Trying to pin down Shepard was the sport of every writer who tackled the subject.

"I was asked to write a quickie bio by Dell Books to capitalize on the Oscar nomination for 'The Right Stuff' and the tabloid interest in his nascent affair with Jessica Lange," says Don Shewey, who turned out the first look at off-Broadway's enfant terrible turned emergent Hollywood icon. "I took the assignment for two reasons: I admired the crazy rock-n-roll energy and poetic theatricality of his plays, and I identified with him personally as a guy with a tempestuous relationship with his alcoholic military-veteran father."

It was several years before Shewey finally met his subject in person, resulting in more published interviews.

"What I relate to most is his profound understanding of being psychically split between what happens outside and what happens inside," Shewey told me. "What I learned was that he was profoundly a man of letters, extremely knowledgeable about certain pockets of poetry and international literature. It's not surprising that Shepard had a lifelong love for horses. Much less known is his deep engagement with spirituality and philosophy, especially the teachings of Gurdjieff, a subject so close to his heart that when I interviewed him it was the one thing he wouldn't discuss."

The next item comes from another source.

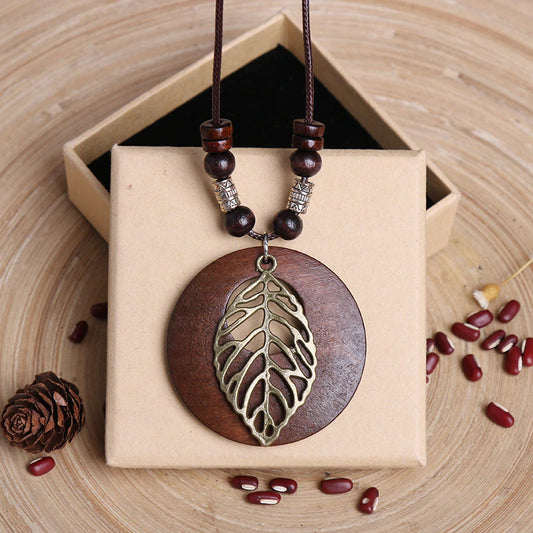 Collier pendentif bois femme feuille bijoux été cadeau chic décontracté élégant beauté mode anneau bohème ethnique style vacances cadeau écologie environnement renouvelable responsable - lebois-eco.com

I too had a couple of memorable opportunities to speak with Sam Shepard. The first time was in the late '70s, after an opening when he stayed around as part of the Magic family. Screwing up my courage, I introduced myself, and somehow the subject quickly turned to the Bible, about which he was extremely knowledgeable. Some three hours and many drinks later, we'd covered territory ranging from Abraham’s sacrifice of Isaac, to Job, Jonah and other prophets. It won't surprise anyone familiar with his plays that father-son relationships figured heavily in Shepard's iconography and the symbolism that pervades his work, reminding me of Edward's monologue in King Lear."

I spent a more extended time with him much later, discussing his work at the American Place, where he'd returned in 1991 with "States of Shock", an explosive outburst of a play starring John Malkovich and concerned with the Persian Gulf war. While it would take years for others to confront America’s military incursion, Shepard was on fire.

"He said it was the most important thing, that he needs to do this play right now," Handman recalls. "Sam had that urgency, and his urgency was irresistible. He had to get that play done. It was of utmost importance."

"It’s a very strange experience, to write a biography of someone who's still alive" Shewey said of taking on that original assignment. "Sam was 41 and I was 30. His death last week hit me hard. Like his colleagues and fans, I mourn the world's loss of an epochal original writer. On a personal level, I wasn’t prepared for how keenly I feel the loss of…not so much my subject, but a kind of alter-ego."